Create a Monthly Spending Plan
Perhaps the best place to start when it comes to reducing your spending is to go back and look at your current budget. If you are new to the budgeting world, it is important to know that this is a major part of the financial process, often dictating how successfully you are able to manage your overall spending.
In the beginning, you will want to take a look at your total income as well as the total amount you are currently spending towards all of your expenses. With insight into these values, you can look to rework your budget based on your current incoming funds, as well as how much you can save each month.
In order to be successful and to be able to start reducing your spending, your new budget should now reflect a more realistic monthly spending plan. An initial review of your budget, followed by a new and improved one should do the trick.
Cut Down on your Current Expenses
As you are creating your new spending plan, you will also want to look closely at the current areas you are spending money on. This part of the process will be unique to everyone as we all have our own expenses to contend with. However, it is also a commonality that most people can find certain expenses they can do without. Therefore, at this stage you will see what items you currently spend money on, and how often.
If for example, you typically buy these items or use certain services on a monthly basis, perhaps you can look to only buy them every other month or every few months for that matter. Better yet, are there purchases you can eliminate all together?
Here are a few suggestions for how you can reduce your spending each month by cutting out certain expenses.
Pack your own lunch: here you can save money by preparing your own meals to take to work or with you where you are out for the day. If you think about it, if you are out 5 or more days a week and are buying lunch each of these days, you can be spending close to $50 – 100 per week, depending on where you are eating. By packing your own lunch, however you can reduce your weekly and monthly spending by several hundreds of dollars – give or take. You are likely spending money on groceries as well too, so why not put these purchases to good use each week.
Make your own coffee: another method of reducing your spending each month is to look at how much you spend in a week or a month on your morning caffeine beverages alone. Instead opt for brewing your own in the morning and save a bit extra money each and every day. With the fast brewing Keurig and Tassimo coffee machines available, you can prepare your morning coffee practically in an instant, pop it into a travel mug and be out the door in no time.
Buy less alcohol: regardless of whether you are buying alcohol at home or at a bar/restaurant setting, it is not unrealistic to except this to add up.
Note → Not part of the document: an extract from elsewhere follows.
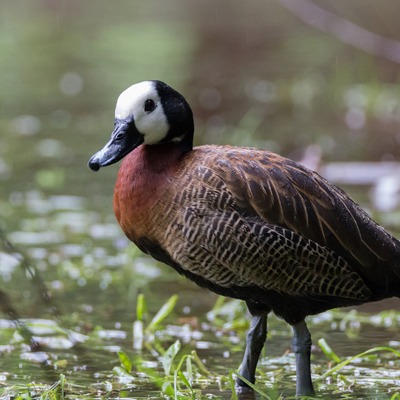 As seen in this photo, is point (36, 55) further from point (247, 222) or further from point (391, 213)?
point (247, 222)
While drinking at home means you don’t have to pay extra in the way of tips and bar tax, buying from the liquor or beer store each week is likely to still take up a portion of your expenses.
With that being said, individuals must prioritize where they can best save and reduce their own spending – although if you do want to look to reduce your spending this month – buying less alcohol can be a possible solution.
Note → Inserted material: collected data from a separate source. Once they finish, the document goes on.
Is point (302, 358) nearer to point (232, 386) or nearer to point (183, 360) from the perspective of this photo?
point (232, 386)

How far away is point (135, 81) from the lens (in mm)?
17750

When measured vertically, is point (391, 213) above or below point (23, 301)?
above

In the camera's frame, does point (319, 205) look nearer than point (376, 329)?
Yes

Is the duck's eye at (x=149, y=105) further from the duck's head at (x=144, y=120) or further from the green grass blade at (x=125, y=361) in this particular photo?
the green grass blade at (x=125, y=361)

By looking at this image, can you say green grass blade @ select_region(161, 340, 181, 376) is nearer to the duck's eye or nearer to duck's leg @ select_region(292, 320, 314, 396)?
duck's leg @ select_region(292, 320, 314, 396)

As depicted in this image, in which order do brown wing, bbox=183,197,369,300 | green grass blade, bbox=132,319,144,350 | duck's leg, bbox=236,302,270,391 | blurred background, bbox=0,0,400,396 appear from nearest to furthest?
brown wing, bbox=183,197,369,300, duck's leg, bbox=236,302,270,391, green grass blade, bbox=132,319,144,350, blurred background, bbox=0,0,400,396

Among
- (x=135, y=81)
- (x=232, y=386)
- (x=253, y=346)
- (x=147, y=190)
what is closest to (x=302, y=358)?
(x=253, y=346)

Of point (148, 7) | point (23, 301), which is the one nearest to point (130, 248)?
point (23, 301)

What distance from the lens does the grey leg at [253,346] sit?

In the end, by even cutting down on a few of these items you can certainly work towards lowering the cost of your monthly spending by 10%. While certain expenses are likely to be fixed and ones you cannot cut out at all, for example, personal loans, credit cards, rent or mortgage payments, instead then take a look at the next method of reducing your monthly spending as it may be more feasible.
Shop More Inexpensively
While this final category does tie in with the above mentioned topic, it is worth discussing in its own category as this may be a more realistic way to go about reducing your spending, instead of or in addition to cutting out certain expenses altogether.
Some examples of being able to shop more inexpensively can include such methods as, waiting until items go on sale, buying certain items in bulk, as well as using coupons, discount cards, etc. to help reduce your monthly shopping costs.
Also if possible, you may also look at switching to a different grocery store altogether. While it may in fact be more convenient to shop at a grocer location right by your house, sometimes this can also mean that you are paying more due to the nature of the store itself. Therefore, you might consider checking out another store a little further away, however items are more reasonably priced. Here you may just find the amount of money you save in grocery shopping alone can offset the fact that you have to travel just a little further to that store.
All in all, you can see that there are many opportunities to save some extra money here and there each month. If you are taking part in this debt challenge and looking to lower your spending by 10% or more, consider these ideas as well as others you may find are a good fit for yourself and your lifestyle needs.